4. collections – many types, and things can be grouped into higher levels:

spatial objects

implicit objects such as datasets

5. Is usability (for a purpose) part of the data model? Probably not. System can return metrics from which a user could use to evaluate usability for their need.

 

Result possibilities:

- a pair of numbers (scale denominators) 1:x – 1:y

- original scale

- prototype object – user could choose an outcrop, unit, etc.

- category scale (regional, local, site-specific)

 

[End of Use-Case 4]

 


Assignments

 

(1) Reduce the 400 questions from SLLT to a small number of characteristic questions:

- Representative questions that would be meaningful to people reading them.

- Representative questions that bring out issues in the model.

 

Note 1: Many of the questions are compound queries: break up into individual queries, then eliminate the duplicates.

 

Note 2: our purpose is to develop criteria for evaluating and refining the data model.

 

SPECIFIC TASKS:

 

1. Simon – supply questions from mineral exploration domain by January 1st.

 

2. Iterations (generating characteristic questions)

Person                                                  Timeline for report to the group

1. Steve                                                By January 1, 2001

2. Jon                                                               “”

3. Bruce                                                           “”

4. Jerry/Jon – categorize concepts, ambiguous terms (rock), making use of Jon’s list of terms. Also could use AGI Glossary (also available in electronic form but there are use issues).

 

3. Normalize (find patterns and put into canonical form)
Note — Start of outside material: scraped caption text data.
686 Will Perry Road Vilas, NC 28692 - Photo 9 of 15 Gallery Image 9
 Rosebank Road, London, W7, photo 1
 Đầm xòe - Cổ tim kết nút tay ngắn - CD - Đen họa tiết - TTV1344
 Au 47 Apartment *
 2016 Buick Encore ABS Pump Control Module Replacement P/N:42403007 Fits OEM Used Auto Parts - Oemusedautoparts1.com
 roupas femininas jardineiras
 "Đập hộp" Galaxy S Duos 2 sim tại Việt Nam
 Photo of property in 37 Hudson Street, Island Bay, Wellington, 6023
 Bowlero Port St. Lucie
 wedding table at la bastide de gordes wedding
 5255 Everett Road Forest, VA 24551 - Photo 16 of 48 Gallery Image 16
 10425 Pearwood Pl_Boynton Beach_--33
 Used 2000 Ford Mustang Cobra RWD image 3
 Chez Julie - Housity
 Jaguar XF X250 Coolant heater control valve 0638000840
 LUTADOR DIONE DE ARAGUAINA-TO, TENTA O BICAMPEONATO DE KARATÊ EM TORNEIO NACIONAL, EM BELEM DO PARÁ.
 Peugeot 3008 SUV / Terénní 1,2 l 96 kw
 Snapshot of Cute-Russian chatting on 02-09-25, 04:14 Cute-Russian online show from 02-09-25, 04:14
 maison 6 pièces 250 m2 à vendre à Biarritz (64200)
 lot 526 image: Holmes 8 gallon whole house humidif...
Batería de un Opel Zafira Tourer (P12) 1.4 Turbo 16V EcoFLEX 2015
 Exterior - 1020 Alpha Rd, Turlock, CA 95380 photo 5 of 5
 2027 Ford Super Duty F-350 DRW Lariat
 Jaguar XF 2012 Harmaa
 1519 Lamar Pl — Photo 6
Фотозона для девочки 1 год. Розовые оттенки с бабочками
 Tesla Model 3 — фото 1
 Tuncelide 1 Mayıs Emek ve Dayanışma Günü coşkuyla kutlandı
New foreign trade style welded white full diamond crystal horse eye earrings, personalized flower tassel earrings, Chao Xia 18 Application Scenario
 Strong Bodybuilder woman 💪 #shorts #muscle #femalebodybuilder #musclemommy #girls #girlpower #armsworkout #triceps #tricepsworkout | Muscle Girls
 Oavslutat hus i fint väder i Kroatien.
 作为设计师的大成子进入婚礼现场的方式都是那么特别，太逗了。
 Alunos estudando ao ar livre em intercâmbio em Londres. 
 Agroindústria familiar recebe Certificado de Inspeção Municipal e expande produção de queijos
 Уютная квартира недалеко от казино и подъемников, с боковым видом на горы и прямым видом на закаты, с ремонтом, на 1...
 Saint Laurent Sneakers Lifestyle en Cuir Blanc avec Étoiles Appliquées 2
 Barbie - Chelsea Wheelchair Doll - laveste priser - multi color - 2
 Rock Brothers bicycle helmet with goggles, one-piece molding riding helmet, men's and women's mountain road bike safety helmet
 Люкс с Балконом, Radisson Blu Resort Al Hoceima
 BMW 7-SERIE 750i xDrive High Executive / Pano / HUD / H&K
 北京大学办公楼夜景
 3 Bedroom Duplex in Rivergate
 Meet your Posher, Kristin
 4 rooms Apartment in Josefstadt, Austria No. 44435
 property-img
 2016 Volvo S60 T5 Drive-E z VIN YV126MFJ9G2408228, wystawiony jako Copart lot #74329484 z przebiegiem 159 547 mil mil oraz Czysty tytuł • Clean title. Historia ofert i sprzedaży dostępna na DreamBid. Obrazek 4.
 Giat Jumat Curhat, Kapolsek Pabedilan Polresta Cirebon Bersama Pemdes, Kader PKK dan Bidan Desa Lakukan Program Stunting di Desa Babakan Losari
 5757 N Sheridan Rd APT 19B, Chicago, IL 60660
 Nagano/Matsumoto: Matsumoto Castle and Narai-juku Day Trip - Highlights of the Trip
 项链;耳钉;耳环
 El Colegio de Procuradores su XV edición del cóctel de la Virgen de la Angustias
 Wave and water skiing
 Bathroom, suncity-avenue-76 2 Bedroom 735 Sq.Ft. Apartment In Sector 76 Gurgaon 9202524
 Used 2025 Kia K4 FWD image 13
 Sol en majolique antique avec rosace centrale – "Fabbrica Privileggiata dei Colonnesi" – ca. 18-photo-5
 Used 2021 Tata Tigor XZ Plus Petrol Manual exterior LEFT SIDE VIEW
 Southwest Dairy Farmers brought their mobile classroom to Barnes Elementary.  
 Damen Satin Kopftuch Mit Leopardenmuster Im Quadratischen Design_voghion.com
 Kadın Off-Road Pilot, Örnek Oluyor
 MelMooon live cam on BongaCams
Person                                                  Timeline for report to the group

1. Jordan                                              January 31, 2001

2. Boyan                                                          “”

 

4. Use-cases (mix of simple, compound and weird)

Person                                                  Timeline for report to the group

1. Jon/Steve                                         March 31, 2001            generate

2. Todd/(Bedford/Ludington?)                                          document

3. Jerry/Jim/Rob/Scott                                                    distribute for comment

 

5. Group meeting to finalize a single set of documented use-cases.

 

6. Completion of final document by end of April, 2001. Who: TBD.

 

7. Submit to Steering Committee by end of April for review for next NADMSC (at DMT’01).